** Data provided follows **

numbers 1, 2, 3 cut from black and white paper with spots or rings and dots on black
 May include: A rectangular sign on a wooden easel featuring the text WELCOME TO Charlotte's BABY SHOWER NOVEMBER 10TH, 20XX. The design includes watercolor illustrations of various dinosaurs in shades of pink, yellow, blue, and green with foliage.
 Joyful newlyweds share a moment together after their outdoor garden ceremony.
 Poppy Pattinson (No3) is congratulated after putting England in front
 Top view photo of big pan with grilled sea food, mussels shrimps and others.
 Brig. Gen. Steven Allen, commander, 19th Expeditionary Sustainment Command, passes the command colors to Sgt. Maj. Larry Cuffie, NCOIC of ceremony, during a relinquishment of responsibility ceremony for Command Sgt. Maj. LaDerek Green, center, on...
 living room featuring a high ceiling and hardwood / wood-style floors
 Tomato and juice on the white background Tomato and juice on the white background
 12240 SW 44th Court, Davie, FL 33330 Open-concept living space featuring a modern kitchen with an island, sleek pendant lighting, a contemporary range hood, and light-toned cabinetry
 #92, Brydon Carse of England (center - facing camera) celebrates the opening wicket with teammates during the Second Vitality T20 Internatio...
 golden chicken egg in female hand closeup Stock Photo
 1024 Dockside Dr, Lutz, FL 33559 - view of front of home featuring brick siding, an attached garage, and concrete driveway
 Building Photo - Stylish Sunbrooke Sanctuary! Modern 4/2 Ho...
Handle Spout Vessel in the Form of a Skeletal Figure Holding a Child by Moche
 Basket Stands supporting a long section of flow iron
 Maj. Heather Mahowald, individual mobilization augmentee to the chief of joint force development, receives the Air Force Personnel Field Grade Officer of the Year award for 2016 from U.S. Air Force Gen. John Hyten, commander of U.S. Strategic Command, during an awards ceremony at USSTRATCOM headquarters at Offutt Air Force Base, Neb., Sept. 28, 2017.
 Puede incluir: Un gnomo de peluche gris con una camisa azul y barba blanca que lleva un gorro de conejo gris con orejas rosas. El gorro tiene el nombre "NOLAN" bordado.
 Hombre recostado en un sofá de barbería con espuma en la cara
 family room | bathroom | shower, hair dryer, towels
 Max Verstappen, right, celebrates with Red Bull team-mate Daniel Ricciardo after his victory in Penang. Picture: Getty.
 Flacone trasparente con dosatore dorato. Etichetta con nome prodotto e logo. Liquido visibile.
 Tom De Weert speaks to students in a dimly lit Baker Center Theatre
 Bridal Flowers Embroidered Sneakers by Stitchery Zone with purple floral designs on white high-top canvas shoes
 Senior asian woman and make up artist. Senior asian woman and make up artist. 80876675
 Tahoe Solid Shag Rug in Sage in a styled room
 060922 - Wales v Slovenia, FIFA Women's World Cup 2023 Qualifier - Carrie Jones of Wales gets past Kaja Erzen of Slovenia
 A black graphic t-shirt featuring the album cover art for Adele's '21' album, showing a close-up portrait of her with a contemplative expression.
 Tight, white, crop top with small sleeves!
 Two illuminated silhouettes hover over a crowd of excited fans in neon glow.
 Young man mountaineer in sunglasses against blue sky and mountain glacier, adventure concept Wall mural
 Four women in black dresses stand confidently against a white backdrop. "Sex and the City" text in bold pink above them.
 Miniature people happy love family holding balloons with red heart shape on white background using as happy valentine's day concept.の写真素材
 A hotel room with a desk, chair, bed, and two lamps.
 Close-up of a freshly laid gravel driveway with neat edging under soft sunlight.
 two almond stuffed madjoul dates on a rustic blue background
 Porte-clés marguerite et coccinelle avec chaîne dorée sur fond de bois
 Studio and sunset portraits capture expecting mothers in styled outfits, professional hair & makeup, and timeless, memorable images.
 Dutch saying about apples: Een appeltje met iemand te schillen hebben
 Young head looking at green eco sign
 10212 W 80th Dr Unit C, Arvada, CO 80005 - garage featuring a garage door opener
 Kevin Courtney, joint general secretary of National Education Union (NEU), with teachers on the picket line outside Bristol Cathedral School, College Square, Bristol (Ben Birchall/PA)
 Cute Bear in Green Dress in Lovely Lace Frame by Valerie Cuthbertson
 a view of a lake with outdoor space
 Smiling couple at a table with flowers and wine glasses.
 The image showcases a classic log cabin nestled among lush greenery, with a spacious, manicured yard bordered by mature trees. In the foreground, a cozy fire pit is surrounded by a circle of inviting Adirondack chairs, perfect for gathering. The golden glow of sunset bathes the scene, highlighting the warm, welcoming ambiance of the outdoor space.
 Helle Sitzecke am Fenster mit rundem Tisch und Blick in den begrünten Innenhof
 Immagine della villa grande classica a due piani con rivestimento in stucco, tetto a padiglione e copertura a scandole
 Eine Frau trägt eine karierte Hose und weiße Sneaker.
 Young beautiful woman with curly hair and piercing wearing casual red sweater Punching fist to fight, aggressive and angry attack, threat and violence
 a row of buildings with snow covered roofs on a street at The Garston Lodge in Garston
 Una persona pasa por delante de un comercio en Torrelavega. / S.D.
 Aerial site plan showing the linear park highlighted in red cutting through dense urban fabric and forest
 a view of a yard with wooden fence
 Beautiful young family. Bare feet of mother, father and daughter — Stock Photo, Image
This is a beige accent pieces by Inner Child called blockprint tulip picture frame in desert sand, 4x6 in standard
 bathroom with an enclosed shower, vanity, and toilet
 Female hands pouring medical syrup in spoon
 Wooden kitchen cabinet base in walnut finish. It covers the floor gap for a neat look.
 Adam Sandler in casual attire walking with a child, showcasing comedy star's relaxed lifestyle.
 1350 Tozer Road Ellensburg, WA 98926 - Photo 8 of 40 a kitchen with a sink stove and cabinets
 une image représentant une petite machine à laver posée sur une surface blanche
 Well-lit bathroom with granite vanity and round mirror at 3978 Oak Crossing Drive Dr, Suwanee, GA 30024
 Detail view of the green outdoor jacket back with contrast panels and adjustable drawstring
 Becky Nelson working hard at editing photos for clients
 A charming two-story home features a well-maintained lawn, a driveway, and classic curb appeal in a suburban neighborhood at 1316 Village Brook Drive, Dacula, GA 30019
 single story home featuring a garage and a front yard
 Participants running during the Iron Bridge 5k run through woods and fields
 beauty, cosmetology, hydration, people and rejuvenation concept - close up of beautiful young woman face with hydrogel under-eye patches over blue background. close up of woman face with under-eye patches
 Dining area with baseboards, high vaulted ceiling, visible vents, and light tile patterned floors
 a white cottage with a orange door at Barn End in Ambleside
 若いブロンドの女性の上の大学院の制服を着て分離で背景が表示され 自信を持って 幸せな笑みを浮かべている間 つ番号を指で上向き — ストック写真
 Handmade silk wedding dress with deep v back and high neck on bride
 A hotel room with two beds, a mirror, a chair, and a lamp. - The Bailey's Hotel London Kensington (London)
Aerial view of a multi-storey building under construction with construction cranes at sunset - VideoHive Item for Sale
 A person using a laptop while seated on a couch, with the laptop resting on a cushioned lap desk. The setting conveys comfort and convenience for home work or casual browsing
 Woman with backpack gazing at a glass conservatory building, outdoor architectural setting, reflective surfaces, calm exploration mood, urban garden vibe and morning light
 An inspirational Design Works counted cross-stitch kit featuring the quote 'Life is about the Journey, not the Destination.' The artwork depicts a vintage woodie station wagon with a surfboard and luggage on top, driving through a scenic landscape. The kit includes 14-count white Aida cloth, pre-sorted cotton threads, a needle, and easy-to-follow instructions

** End of Data provided **

#### Work required:
Your task is to find each line in the entries that contains the string "showing" and copy it.

#### Result of this task:
 A black graphic t-shirt featuring the album cover art for Adele's '21' album, showing a close-up portrait of her with a contemplative expression.
 Aerial site plan showing the linear park highlighted in red cutting through dense urban fabric and forest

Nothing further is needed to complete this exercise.